The rise of big data presents both big opportunities and big challenges to domains ranging from enterprises to sciences. The opportunities include better-informed business decisions, more efficient supply-chain management and resource allocation, more effective targeting of products and advertisements, better ways to “organize the world’s information,” and faster turnaround of scientific discoveries, among others.
The challenges are also tremendous. For one, more data comes in diverse forms: such as text, audio, video, OCR, and sensor data. While existing data management systems predominantly assume that data has rigid, precise semantics, increasingly more data (albeit valuable) contains imprecision or inconsistency. For another, the proliferation of ever-evolving algorithms to gain insights from data (in the name of machine learning, data mining, statistical analysis, and so on) can often be daunting to a developer with a particular dataset and specific goals: the developer not only has to keep up with the state of the art, but also must expend significant development effort in experimenting with different algorithms.
Many state-of-the-art approaches to both of these challenges are largely statistical and combine rich databases with software driven by statistical analysis and machine learning. Examples include Google’s Knowledge Graph, Apple’s Siri, IBM’s “Jeopardy!”-winning Watson system, and the recommendation systems of Amazon and Netflix. The success of these big-data analytics-driven systems, also known as trained systems, has captured the public imagination, and there is excitement in bringing such capabilities to other verticals such as enterprises, health care, sciences, and government. The complexity of such systems, however, means that building them is very challenging, even for Ph.D.-level computer scientists. If such systems are to have truly broad impact, building and maintaining them needs to become substantially easier, so that they can be turned into commodities that can be easily applied to different domains. Most of the research emphasis so far has been on individual algorithms for specific machine-learning tasks.

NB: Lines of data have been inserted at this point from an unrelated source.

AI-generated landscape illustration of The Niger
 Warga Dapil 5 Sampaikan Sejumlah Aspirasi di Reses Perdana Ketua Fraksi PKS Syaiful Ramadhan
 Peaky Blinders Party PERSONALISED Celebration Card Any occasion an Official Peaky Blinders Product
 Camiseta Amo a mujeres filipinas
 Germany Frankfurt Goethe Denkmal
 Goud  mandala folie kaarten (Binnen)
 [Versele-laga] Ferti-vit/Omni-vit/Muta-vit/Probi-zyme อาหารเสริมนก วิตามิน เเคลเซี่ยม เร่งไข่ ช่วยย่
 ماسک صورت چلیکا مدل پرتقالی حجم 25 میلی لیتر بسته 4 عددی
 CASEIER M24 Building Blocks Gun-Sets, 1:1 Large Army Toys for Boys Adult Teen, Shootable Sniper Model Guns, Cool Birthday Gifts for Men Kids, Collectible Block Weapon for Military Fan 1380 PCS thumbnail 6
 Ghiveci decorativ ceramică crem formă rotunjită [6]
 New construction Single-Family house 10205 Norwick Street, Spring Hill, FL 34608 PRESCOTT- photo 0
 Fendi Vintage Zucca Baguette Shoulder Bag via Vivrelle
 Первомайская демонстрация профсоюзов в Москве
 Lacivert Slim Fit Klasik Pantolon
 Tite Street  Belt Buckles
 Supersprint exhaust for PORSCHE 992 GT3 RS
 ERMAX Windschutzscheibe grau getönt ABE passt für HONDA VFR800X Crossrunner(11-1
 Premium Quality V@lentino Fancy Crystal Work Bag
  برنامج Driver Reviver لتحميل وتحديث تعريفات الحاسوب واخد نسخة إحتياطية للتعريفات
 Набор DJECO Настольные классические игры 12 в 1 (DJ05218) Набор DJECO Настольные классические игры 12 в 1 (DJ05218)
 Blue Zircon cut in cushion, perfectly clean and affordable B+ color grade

In contrast, the Hazy project (http://hazy.cs.wisc.edu) takes a systems approach with the hypothesis: The next breakthrough in data analysis may not be in individual algorithms, but in the ability to rapidly combine, deploy, and maintain existing algorithms. Toward that goal, Hazy’s research has focused on identifying and validating two broad categories of “common patterns” (also known as abstractions) in building trained systems: programming abstractions and infrastructure abstractions. Identifying, optimizing, and supporting such abstractions as primitives could make trained systems substantially easier to build. This can bring us a step closer to unleashing the full potential of big-data analytics in various domains.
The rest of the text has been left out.